* [EXERCISE]: Your answer should be every line of the records that contains the word "sname", copied as it stands.

━━ DATASET RECORDS

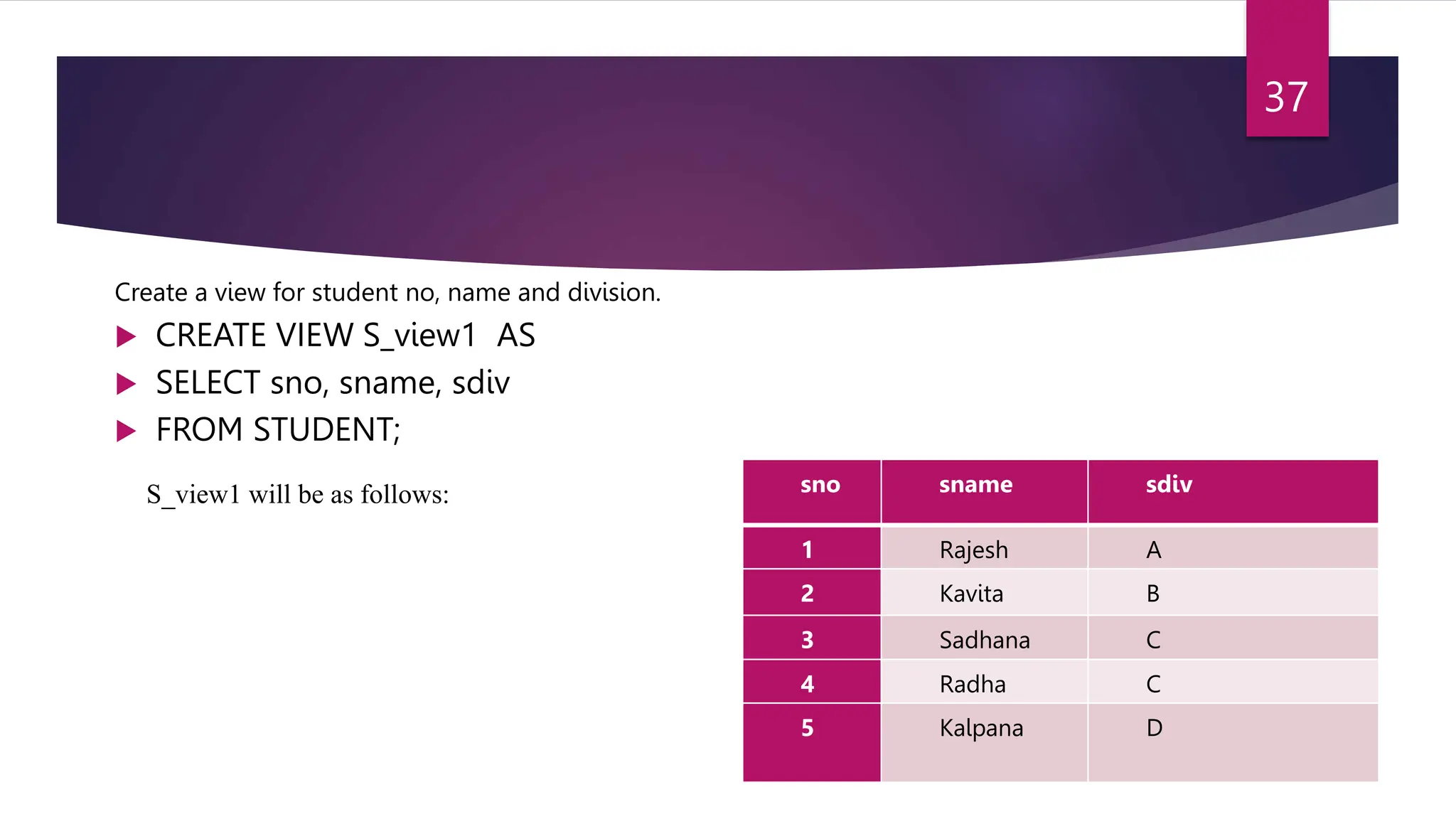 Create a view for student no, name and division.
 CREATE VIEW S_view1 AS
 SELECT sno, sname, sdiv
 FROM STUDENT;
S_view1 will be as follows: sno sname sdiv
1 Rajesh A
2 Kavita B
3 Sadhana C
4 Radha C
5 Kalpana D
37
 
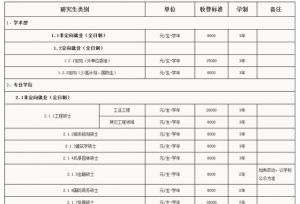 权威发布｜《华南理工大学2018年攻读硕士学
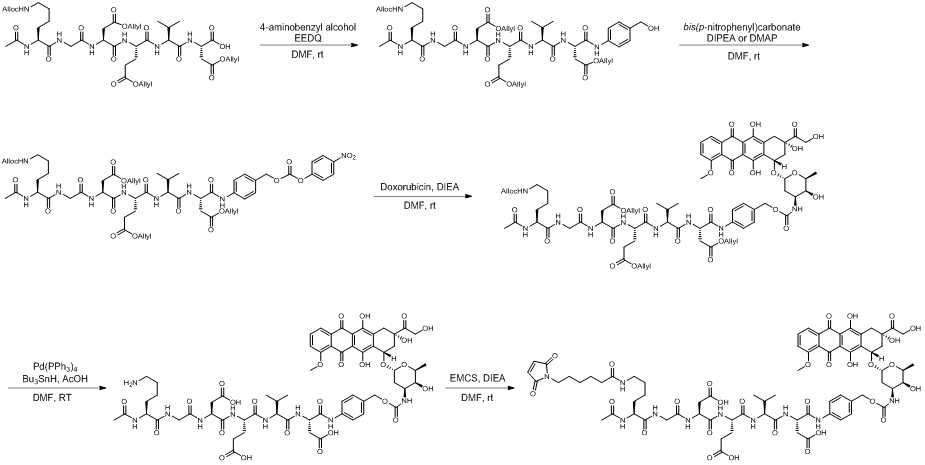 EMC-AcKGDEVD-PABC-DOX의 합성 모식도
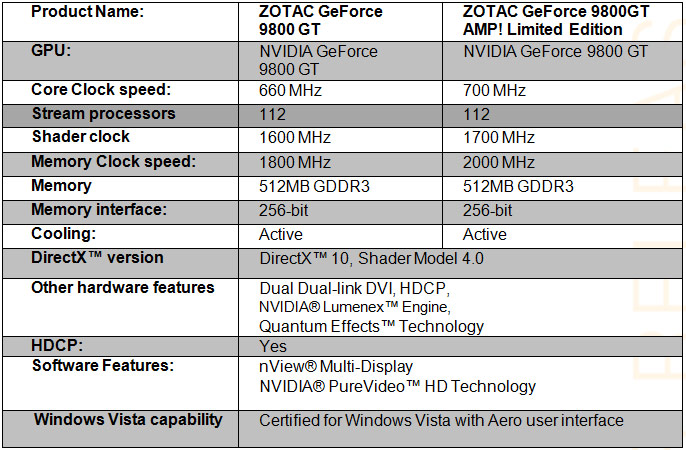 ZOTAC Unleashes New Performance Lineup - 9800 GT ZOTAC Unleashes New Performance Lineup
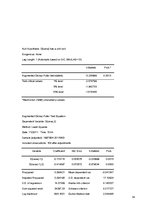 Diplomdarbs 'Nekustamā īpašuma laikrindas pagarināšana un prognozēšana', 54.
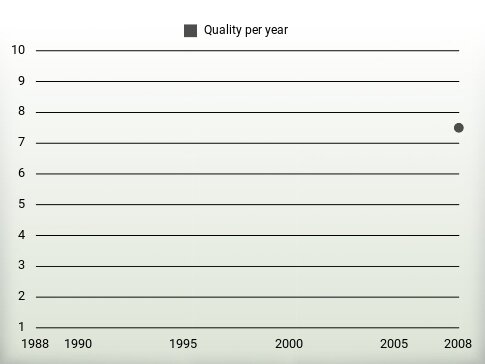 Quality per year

━━━━

* [TASK ANSWER]:
 SELECT sno, sname, sdiv
S_view1 will be as follows: sno sname sdiv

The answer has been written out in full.